Petra Sammer: Wir bieten drei Varianten an. Ein Mini-Powertraining von zwei Stunden – nicht alle in einer Agentur sind ja an einem Filmproduktionsprozess beteiligt, streifen das Thema aber an irgendeinem Punkt. Daher gibt es einen Allround Mini-Workshop für das ganze Team. Etwas umfassender sind die halbtägigen Workshops. Für Unternehmen oder Agenturen, die als Team das Thema vertiefen wollen. Und natürlich wird es auch weiterhin offene Trainings geben, wo man sich als Einzelperson anmelden kann. Termine gerne bei uns erfragen oder online checken.

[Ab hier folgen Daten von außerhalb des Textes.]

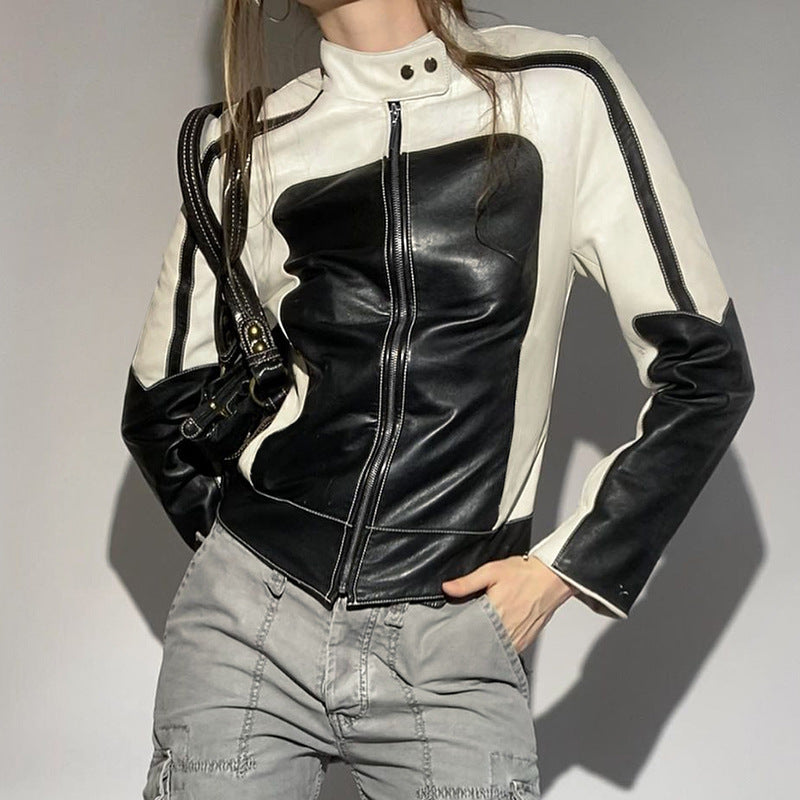 Nomad Motorcycle Jacket | Two-Tone Faux Leather Biker Jacket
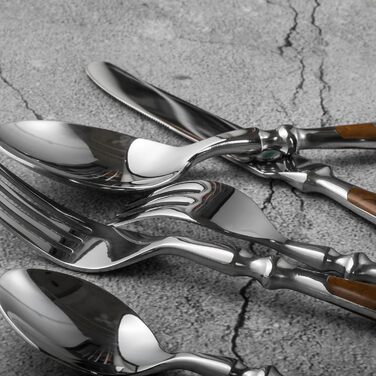 Набір столових приладів на 6 персон, 30 предметів, коричневий Alata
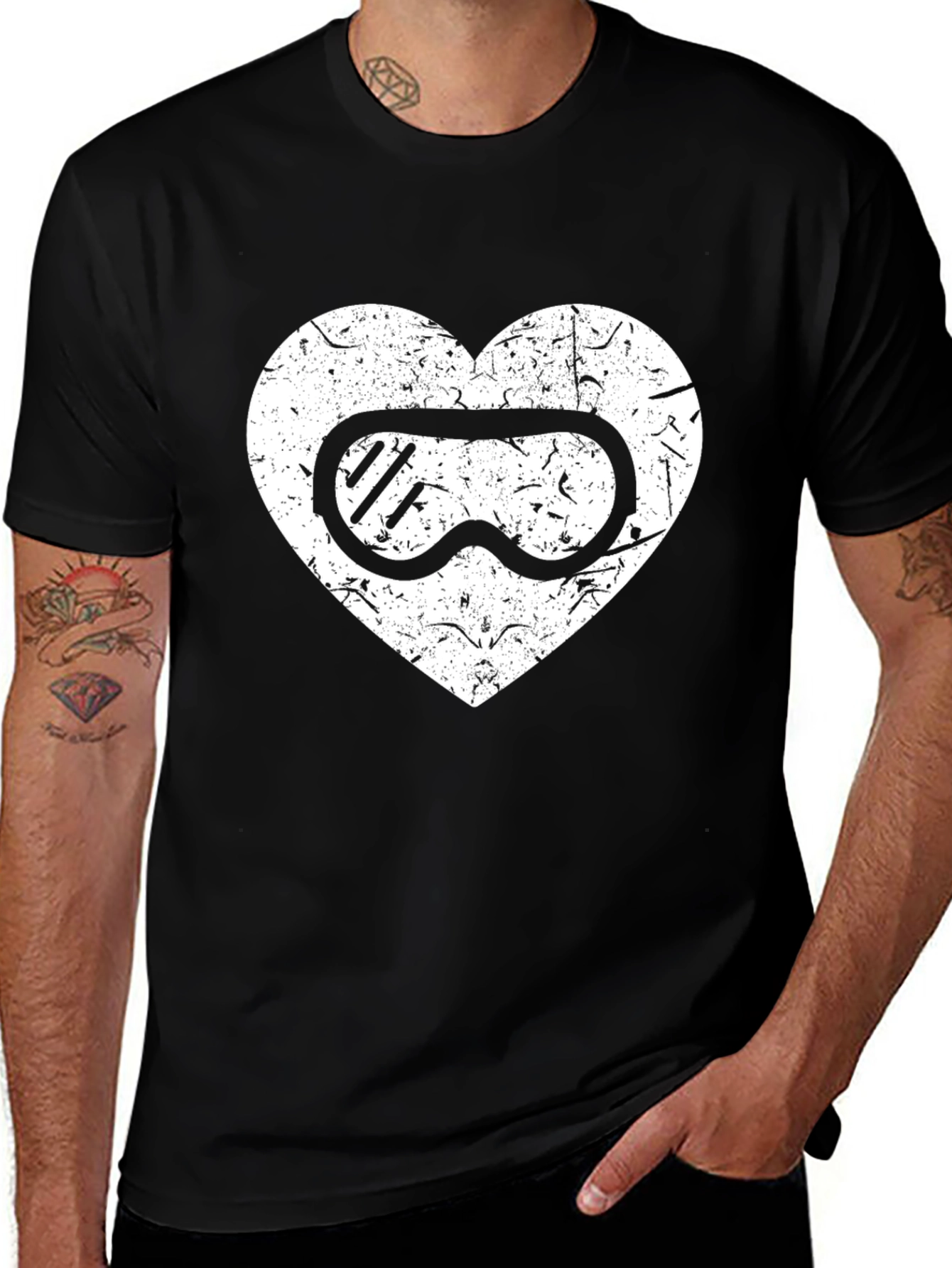 Ski Goggles Heart Graphic Tee - Black Casual T-Shirt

Philipp Lenner: Die halbtägigen Trainings teilen sich in der Regel in zwei Bereiche auf: Teil eins behandelt die Arbeitsschritte bis zur Beauftragung einer Filmproduktion. Wie finde ich den richtigen Inhalt, wie muss ich den Kunden hinterfragen, um das richtige Briefing zu bekommen etc. Und Teil zwei beschäftigt sich mit allem, was passieren muss, wenn der Auftraggeber sich für ein Format entschieden hat, das Budget geklärt ist und losgelegt werden kann. In den weiteren Schritten bis zum fertigen Film kann noch so viel passieren. Wir wollen den Workshopteilnehmern dabei helfen, nicht nur das Gespräch zum Erstbriefing richtig bestreiten zu können, sondern auch, dass die Zusammenarbeit mit einer Filmproduktion über eine Agentur Richtung Unternehmen so gut wie möglich abläuft. Dass die üblichen Stolpersteine und Kostenfallen einmal besprochen werden. Dass die kreativen Einflüsse einmal angerissen werden. Dass klar wird, wie so eine Geschichte weitererzählt werden muss, wenn man sie gefunden hat. Wir wollen für Agenturen mit wenig Filmerfahrung eine Basis schaffen, auf der sie Kunden vom Erstgespräch bis zum fertigen Film besser begleiten können.
Petra Sammer: Und als nächstes kann man sich dann auf die Fortsetzung freuen, den Fortgeschrittenenkurs „Frau Maier, wir MACHEN jetzt den Imagefilm“ – da gibt es dann Tipps und Tricks für die Produktion und weitere Vermarktung von Filmen.